After the Armistice of Mudros, the French Army had moved into Çukurova in accordance with the secret Sykes-Picot Agreement of 1916. On the one hand, that agreement gave France control of Ottoman Syria and southern Anatolia, including the key strategic locations of the fertile plain of Çukurova, the ports of Mersin and İskenderun (Alexandretta), and the copper mines in Ergani. On the other hand, the fertile lands of Mesopotamia and the vilayet of Mosul (where oil fields were suspected to exist) were priorities for the British. According to the agreement, the British would look after the cities of Antep, Marash and Urfa, until the French arrived in the southern Anatolian regions allocated to them in the agreement.

The French Armenian Legion under the command of General Edmund Allenby consisted of Armenian volunteers.

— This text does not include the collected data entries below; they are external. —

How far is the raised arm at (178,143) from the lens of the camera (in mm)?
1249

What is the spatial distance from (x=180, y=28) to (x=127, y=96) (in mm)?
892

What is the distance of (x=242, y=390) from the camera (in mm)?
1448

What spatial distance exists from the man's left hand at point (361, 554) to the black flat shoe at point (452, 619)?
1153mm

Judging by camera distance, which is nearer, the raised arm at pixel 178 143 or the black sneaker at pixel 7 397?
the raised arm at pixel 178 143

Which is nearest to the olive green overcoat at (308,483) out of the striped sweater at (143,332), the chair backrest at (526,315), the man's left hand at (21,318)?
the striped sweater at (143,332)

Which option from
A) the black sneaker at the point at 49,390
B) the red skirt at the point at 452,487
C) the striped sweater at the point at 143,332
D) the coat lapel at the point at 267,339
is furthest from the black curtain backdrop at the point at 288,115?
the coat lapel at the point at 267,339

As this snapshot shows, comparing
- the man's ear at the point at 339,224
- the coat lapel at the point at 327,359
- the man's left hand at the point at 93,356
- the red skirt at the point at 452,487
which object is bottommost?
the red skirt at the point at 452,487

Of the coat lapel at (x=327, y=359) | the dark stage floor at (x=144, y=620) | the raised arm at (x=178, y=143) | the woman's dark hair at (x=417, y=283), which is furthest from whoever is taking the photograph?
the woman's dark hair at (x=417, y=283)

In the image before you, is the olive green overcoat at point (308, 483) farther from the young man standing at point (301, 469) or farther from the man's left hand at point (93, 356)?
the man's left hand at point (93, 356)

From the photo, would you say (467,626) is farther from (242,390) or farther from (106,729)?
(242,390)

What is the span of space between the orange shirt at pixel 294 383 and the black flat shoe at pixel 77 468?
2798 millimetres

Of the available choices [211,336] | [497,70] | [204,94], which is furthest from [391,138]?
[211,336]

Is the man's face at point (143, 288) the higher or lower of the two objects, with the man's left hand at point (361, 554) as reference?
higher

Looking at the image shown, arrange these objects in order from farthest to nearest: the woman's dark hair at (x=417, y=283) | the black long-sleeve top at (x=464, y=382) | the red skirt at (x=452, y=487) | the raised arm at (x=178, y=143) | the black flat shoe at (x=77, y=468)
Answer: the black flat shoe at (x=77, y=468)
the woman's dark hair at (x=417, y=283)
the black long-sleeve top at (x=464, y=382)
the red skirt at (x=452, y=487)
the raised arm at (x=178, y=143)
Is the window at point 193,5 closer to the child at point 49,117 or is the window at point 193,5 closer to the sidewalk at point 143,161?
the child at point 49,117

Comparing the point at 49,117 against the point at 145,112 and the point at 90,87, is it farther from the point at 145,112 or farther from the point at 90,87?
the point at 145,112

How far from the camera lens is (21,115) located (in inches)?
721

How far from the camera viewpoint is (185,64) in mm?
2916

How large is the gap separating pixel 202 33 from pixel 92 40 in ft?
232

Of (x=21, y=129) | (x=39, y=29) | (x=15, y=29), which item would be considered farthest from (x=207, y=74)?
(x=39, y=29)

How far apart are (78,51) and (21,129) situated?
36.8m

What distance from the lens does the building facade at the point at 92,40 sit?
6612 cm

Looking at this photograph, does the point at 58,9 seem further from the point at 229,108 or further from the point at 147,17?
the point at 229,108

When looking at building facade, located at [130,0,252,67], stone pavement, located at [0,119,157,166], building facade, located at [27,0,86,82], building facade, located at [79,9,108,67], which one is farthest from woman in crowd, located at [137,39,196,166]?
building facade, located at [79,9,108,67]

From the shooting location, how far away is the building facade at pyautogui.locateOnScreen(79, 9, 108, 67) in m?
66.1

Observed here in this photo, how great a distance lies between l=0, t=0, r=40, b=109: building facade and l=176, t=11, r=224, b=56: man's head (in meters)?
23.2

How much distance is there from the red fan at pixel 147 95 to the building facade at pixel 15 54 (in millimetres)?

==French occupation of Anatolia==

===Black Sea landings===
After the armistice of Mudros, the first thing the French military did was to control the strategically important Ottoman coal mines in which French capital held significant stakes. The goal was both to take control of this energy source and to meet French military needs. It also prevented the distribution of coal in Anatolia, which could be used in activities to support insurgency.

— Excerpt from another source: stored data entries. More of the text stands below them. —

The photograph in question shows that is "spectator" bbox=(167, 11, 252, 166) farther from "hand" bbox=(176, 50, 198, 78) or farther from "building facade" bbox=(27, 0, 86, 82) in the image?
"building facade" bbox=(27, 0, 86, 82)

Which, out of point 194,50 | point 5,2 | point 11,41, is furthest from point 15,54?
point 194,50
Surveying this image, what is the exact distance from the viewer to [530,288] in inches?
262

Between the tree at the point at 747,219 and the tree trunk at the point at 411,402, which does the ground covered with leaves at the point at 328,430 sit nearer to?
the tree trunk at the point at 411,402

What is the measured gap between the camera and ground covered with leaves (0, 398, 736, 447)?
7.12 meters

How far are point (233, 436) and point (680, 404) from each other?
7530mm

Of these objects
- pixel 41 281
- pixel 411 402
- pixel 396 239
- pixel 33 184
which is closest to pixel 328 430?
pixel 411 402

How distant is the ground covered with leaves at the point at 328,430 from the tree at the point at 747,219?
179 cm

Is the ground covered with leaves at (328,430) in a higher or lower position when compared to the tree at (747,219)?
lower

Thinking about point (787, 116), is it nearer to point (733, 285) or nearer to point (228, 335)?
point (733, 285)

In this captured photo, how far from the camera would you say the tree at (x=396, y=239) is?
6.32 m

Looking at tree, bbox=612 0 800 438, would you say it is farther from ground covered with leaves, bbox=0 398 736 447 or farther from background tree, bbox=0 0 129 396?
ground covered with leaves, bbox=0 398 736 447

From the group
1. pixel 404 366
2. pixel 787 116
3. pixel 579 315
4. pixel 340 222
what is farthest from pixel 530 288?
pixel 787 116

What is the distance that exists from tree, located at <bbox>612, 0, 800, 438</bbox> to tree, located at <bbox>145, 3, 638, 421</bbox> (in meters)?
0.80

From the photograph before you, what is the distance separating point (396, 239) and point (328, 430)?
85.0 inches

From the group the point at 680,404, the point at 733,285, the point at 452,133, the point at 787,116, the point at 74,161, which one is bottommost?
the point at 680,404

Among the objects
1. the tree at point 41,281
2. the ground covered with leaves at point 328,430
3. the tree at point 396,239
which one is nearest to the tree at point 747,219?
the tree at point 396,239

On 18 March 1919, two French gunboats brought troops to the Black Sea ports of Zonguldak and Karadeniz Ereğli to command the Ottoman coal mining region. Because of the resistance they faced during their one-year stay in the region, French troops began to withdraw from Karadeniz Ereğli on 8 June 1920. They continued to pursue their occupation in Zonguldak, where they occupied the whole city on 18 June 1920.

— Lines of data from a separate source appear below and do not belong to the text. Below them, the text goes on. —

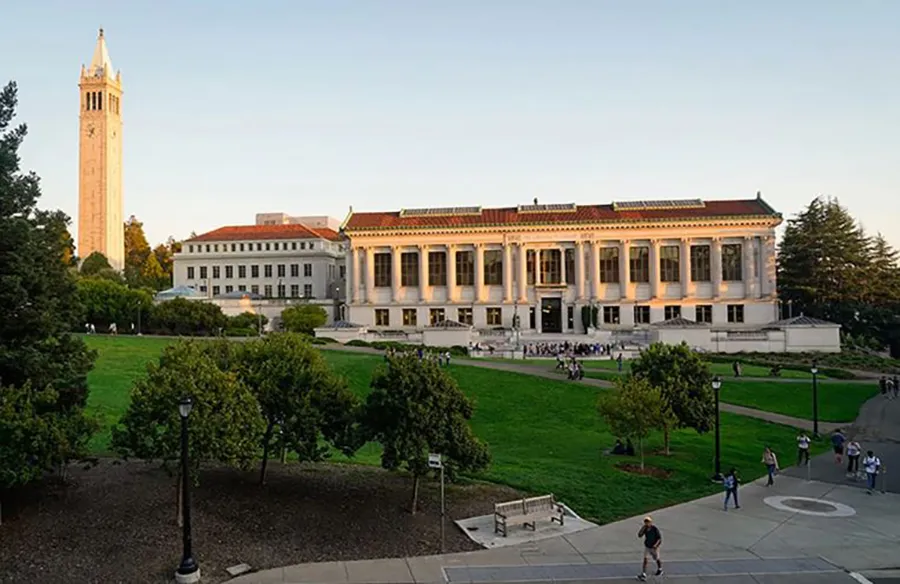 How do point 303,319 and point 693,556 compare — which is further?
point 303,319

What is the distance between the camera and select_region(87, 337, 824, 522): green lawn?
75.9ft

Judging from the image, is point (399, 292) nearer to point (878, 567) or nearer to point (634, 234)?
point (634, 234)

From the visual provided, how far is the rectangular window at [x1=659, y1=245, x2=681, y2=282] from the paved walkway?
65.1 metres

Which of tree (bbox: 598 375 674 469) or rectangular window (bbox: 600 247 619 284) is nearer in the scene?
tree (bbox: 598 375 674 469)

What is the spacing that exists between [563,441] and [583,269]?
56468mm

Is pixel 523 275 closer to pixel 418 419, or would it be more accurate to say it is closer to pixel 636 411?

===Constantinople and Thrace operations===
The main operations in Thrace aimed to support the strategic goals of the allies.
A French brigade entered Constantinople on 12 November 1918. On 8 February 1919, French general Franchet d'Espèrey—commander-in-chief of allied occupation forces in the Ottoman Empire—arrived in Constantinople to coordinate the occupation government.

The city of Bursa—a former Ottoman capital of central importance in northwest Anatolia—was also held by French forces for a brief period before the great summer offensive of the Greek army in 1920, at which time that city fell to the Greeks.

===Cilicia Campaign===

Southern Front Battles
| Battle | General | Date |
|---|---|---|
| Marash | Ali Fuat Cebesoy^{[citation needed]} | 20 Jan – 10 Feb 1920 |
| Urfa | Ali Saip Ursavaş | 9 Feb – 11 Apr 1920 |
| Antep | Ali Kılıç | 1 Apr 1920 – 9 Feb 1921 |
| Siege of Antep | Şefik Özdemir Bey | 5 August 1920 – 9 Feb 1921 |

The first landing took place on 17 November 1918 at Mersin with roughly 15,000 men, mainly volunteers from the French Armenian Legion, accompanied by 150 French officers. The first goals of that expeditionary force were to occupy ports and dismantle the Ottoman administration. On 19 November, Tarsus was occupied in order to secure the surroundings and prepare for the establishment of headquarters in Adana.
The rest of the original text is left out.